Start of Given records
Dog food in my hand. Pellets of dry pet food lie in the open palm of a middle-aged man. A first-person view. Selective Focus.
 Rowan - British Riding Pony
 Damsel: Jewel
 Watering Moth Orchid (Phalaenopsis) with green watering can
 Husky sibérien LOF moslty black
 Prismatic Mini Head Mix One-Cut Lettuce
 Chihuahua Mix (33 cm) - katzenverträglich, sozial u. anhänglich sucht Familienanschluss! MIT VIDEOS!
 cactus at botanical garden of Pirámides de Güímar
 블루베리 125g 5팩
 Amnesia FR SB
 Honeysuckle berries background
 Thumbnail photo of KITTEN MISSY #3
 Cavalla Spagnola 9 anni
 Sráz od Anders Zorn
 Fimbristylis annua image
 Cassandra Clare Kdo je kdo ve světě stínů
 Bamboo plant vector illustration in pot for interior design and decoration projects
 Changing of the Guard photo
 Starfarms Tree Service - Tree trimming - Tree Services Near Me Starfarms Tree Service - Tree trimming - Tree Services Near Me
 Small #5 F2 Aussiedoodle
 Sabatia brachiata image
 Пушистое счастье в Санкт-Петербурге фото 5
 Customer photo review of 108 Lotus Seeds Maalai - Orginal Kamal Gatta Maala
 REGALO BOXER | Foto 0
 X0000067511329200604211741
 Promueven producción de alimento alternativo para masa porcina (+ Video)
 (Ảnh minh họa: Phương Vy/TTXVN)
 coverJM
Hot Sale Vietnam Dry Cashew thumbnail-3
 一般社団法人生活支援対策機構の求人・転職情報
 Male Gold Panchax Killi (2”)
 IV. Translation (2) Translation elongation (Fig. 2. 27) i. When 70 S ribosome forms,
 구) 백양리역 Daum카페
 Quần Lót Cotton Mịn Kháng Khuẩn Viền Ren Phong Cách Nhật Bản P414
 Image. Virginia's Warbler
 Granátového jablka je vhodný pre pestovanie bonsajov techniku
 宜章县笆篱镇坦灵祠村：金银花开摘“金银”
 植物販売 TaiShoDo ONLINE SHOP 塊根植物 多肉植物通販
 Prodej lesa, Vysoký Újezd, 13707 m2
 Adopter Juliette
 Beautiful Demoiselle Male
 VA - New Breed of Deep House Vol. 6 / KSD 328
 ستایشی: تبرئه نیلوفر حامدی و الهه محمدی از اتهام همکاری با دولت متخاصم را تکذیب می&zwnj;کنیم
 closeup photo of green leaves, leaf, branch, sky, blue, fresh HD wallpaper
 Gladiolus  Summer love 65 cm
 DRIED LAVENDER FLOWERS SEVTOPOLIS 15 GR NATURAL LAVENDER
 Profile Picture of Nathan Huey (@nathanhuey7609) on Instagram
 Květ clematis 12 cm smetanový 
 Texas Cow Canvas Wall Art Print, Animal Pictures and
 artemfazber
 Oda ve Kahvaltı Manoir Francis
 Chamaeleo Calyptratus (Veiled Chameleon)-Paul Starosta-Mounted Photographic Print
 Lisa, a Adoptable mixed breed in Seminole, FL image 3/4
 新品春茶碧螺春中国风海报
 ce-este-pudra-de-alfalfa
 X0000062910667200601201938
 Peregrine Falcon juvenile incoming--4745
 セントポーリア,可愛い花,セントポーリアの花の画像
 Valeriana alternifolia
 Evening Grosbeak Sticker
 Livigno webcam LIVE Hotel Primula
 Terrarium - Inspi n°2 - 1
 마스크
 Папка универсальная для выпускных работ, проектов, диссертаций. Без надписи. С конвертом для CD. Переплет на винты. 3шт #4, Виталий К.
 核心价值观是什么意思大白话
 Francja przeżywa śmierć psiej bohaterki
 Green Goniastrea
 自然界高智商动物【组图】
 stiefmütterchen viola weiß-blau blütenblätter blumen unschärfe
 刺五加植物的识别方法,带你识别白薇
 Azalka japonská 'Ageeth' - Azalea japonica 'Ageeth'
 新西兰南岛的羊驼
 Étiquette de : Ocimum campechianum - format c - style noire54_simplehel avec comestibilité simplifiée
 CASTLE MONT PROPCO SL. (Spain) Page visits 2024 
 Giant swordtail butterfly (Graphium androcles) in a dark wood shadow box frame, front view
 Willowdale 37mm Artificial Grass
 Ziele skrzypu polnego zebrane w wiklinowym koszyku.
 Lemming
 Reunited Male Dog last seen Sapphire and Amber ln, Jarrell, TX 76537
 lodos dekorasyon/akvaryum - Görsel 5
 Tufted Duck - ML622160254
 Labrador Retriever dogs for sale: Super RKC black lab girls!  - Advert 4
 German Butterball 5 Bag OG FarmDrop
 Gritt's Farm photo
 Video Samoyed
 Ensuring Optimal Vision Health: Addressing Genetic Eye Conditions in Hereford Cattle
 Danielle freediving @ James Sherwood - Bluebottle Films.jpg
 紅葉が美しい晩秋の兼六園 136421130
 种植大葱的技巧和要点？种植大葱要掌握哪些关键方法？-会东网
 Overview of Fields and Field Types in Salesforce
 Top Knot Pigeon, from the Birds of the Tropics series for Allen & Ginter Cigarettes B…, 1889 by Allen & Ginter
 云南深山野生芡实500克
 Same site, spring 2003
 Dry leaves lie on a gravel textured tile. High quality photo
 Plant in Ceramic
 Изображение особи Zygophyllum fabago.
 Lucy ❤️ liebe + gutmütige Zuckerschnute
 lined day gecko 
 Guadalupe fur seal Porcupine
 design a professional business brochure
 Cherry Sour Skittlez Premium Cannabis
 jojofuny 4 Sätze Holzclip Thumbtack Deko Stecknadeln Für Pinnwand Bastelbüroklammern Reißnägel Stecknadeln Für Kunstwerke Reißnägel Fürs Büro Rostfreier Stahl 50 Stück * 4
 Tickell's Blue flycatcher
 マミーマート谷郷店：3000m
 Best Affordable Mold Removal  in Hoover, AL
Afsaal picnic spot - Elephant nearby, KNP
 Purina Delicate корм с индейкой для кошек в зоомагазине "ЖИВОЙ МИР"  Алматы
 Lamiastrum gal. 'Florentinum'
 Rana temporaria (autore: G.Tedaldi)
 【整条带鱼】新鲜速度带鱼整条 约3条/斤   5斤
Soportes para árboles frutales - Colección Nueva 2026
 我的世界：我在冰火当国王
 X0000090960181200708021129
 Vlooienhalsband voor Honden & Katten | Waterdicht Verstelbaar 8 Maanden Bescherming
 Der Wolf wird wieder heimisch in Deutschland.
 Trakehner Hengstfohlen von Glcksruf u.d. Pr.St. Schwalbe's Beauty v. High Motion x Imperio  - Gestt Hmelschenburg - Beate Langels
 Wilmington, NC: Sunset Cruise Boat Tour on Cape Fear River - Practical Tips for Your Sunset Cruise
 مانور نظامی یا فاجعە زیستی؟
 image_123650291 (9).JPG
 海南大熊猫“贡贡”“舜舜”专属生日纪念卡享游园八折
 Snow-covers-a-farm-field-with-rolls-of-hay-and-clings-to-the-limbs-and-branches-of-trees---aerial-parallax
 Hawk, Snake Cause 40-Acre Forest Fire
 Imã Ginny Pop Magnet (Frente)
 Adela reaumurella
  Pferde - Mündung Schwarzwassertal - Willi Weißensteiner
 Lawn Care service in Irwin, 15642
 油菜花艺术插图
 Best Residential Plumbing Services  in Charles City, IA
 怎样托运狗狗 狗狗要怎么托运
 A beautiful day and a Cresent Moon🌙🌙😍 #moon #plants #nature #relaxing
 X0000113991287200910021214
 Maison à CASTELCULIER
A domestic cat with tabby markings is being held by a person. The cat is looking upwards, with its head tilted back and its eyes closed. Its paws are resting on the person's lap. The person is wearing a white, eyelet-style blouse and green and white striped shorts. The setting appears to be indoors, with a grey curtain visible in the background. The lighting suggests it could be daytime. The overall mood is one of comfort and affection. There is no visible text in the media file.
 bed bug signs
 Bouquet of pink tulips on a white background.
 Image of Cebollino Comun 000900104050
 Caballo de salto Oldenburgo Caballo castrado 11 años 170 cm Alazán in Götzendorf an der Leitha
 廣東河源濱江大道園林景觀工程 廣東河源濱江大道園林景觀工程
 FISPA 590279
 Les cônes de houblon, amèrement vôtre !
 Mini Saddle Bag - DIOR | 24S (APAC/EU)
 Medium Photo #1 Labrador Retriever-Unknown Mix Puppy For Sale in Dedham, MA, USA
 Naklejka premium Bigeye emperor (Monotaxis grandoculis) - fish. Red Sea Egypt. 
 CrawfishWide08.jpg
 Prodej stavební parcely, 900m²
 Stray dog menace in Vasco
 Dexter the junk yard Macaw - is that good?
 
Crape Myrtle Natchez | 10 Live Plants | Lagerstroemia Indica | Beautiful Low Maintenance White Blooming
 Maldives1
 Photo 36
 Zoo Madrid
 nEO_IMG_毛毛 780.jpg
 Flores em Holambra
End of Given records
■ **Work order**
Which lines of the records above contain the word "background"? Report each one in full.

■ **Answer space**
 Honeysuckle berries background
A domestic cat with tabby markings is being held by a person. The cat is looking upwards, with its head tilted back and its eyes closed. Its paws are resting on the person's lap. The person is wearing a white, eyelet-style blouse and green and white striped shorts. The setting appears to be indoors, with a grey curtain visible in the background. The lighting suggests it could be daytime. The overall mood is one of comfort and affection. There is no visible text in the media file.
 Bouquet of pink tulips on a white background.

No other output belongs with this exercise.